■教員研修■

研修実施の背景
 ヌー郡やムイ郡の教員のほとんどは、家族と離れて暮らすことに加え、様々な情報からも遠く、孤独感や閉塞感に陥りがちです。そのために教育への「やる気」を保つのが難しいと言われてきました。そこで、地域の教育水準を向上させるためには、教科書や教室建設・補修への支援のみでなく、教員へ働きかけることも必要だと考えました。そこで、CanDo教育調整員のエバンスが中心となり、教員の意欲を向上させることを目指した教員研修を、2000年から開始しました。当初は教員のみを対象としていたこの研修も、現在では教員と保護者が参加して、各学校で半日かけて実施しています。

プログラム
08:15
エバンスが地域の教育官とともに学校へ到着。校長室であいさつと自己紹介。

08:30-09:00
開講式。お祈りで始まり、研修の目的や内容を共有します。

09:00-09:30
第1ステップ:「自分は意欲が高いか?」 まずは教員が自分自身の意欲度を自己評価。

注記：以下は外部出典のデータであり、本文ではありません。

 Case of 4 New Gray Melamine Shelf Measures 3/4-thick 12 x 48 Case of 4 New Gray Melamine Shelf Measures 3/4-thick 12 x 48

背景や理由を探りながら、意欲を高める要因や低いことによる悪影響について意見交換をします。

09:30-10:30
第2ステップ:「どうしたら意欲が向上するか?」 教員どうしで、教員と生徒の間で、そして教員と保護者の間で、どのように意欲を高め合えるか、その具体的な方法について話し合います。

10:30-10:40
第3ステップ:「意欲が向上したらどうなるか?」 意欲が向上することの効果について、具体的なイメージを描きます。その中で、内発的に意欲を高めることと持続性に重点を置いて議論します。

10:40-11:15
第4ステップ:「今後の行動計画」 教員の意欲を向上させ、学校の教育水準を高めることを目指して、どのような方法で実践するか、その行動計画について具体的に話し合います。

11:15-11:45
評価アンケート後、閉講式。

話し合いとその効果
 研修では率直な意見が交わされ、要望や不満、また厳しい批判も出てきます。例えば教員からは、「給料の支払いの遅配を政府はやめてほしい」という訴えがあります。一方保護者からは、「教員の授業態度や素行を改善してほしい」。教員の「保護者は学校に無関心すぎる。学校へ挨拶や見学に来てほしい」といった発言には、「学校にできる限りの協力はしているということを評価してほしい」「学校に訪問することを教員が歓迎しているとは思っていなかった」と保護者は話します。保護者が教員の意欲向上へ貢献できる様々な役割があることに初めて気付くという、効果が見られる場面もあります。